Much attention has been devoted in Western media to the Russian Federation’s aggression in Ukraine. But Russia’s increased military presence on another potential flashpoint – the Pacific – has largely escaped notice. In June 2014, the Russian Navy was excluded for the first time from participating in RIMPAC, the world’s largest maritime exercise. But the Russian military is getting plenty of practice with large-scale operations in the region. Though a joint exercise between Chinese and Russian maritime forces in May 2014 afforded Russia some semblance of multilateralism, the scale of its own unilateral Pacific exercises this year has been staggering.
In August 2014, tensions rose between Russia and Japan when the former held exercises on islands disputed by the two countries. The status of these islands, referred to as the Northern Territories by Japan and the Southern Kuril Islands by Russia, became a source of source of geopolitical jockeying when the Soviet Union occupied them along with the southern half of Sakhalin Island in the final days of the Second World War. In order to strengthen its claim over these islands and their surrounding waters, Russia deployed over 1,000 troops, five attack helicopters, and other military hardware for a week of manoeuvres.

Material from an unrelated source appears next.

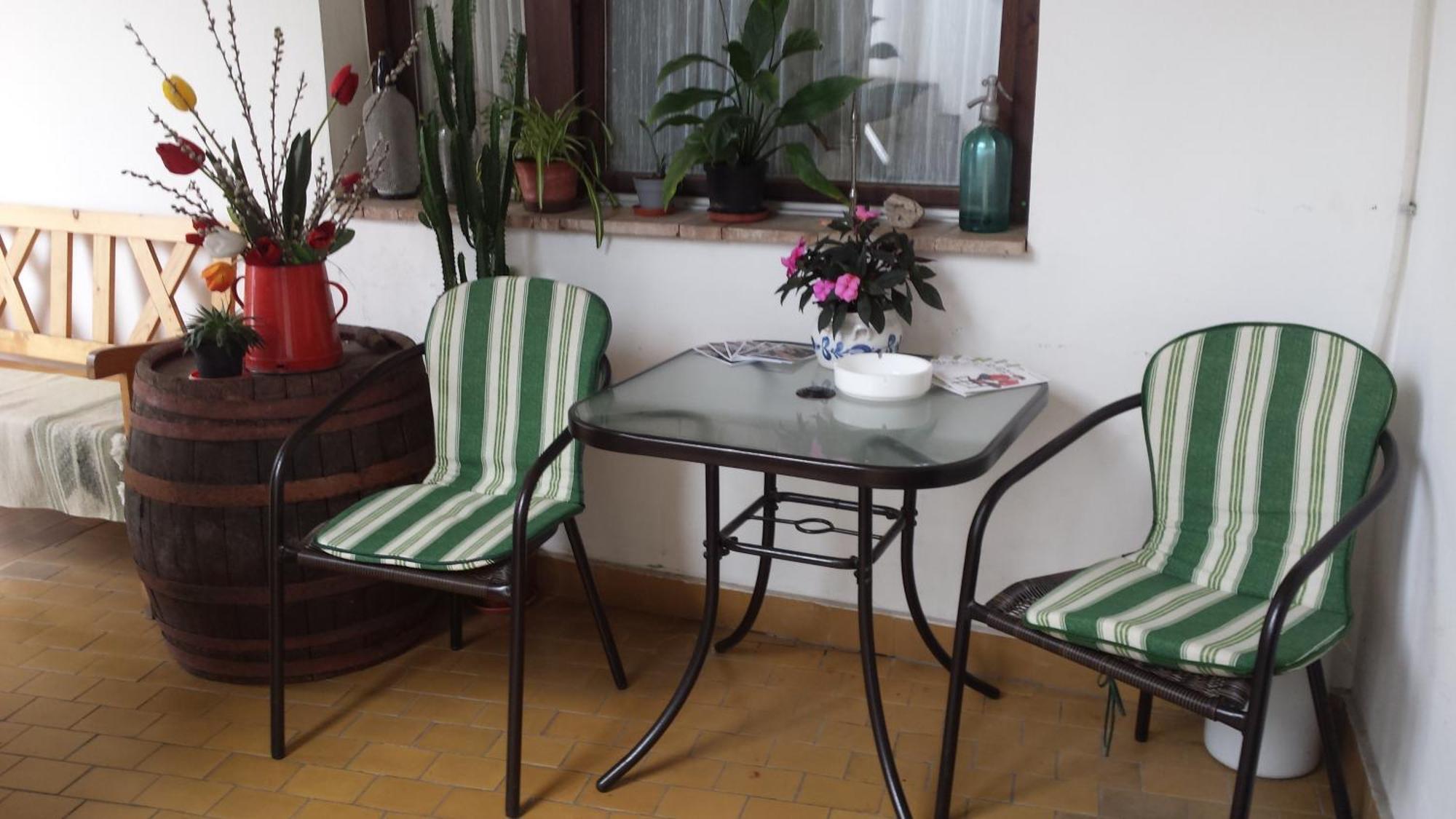 Eden Panzio Bed & Breakfast เอ็กเกอร์ ภายนอก รูปภาพ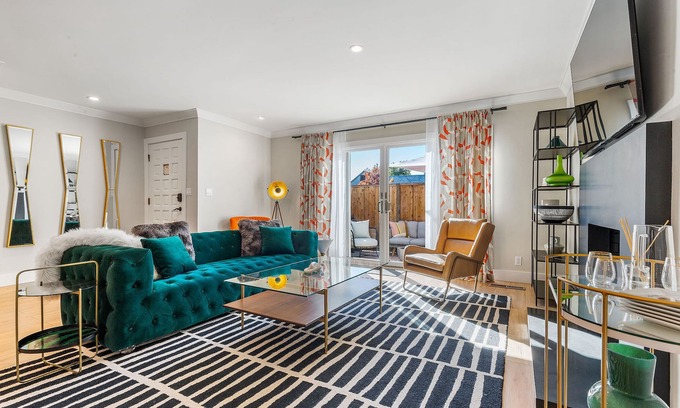 Walnut Creek House | Immaculate 2 Bedroom Executive Rental with Private Patio and Garage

But that exercise pales in comparison to Vostok 2014, which was held from September 19-25, 2014. Involving 100,000 troops, 1,500 tanks, 120 aircraft, and approximately 70 ships, this was one of Russia’s most significant military drills since the collapse of the Soviet Union. President Vladimir Putin also called for a snap inspection the week prior to the exercise, testing the combat readiness of all branches of the Russian military. The simulated warfare took place in the Russian Far East, specifically Kamchatka, Chukotka, Sakhalin Island, and the Kuril Islands, where the only apparent threats to Russia could come from either China or Japan.
Vostok 2014 offers some insights into Russian defence priorities both in the Pacific and in general. Much emphasis was placed on testing tactical cruise missile launches and the potential to greatly expand Russia’s surface-to-air missile units. In this sense, one could say Russia is attempting to develop its own capabilities in ‘anti-access/area-denial’ (A2AD). This doctrine involves the use of various missiles and asymmetric warfare to deny a superior opponent, such as the United States, access to the sea and air, thus deterring an attack.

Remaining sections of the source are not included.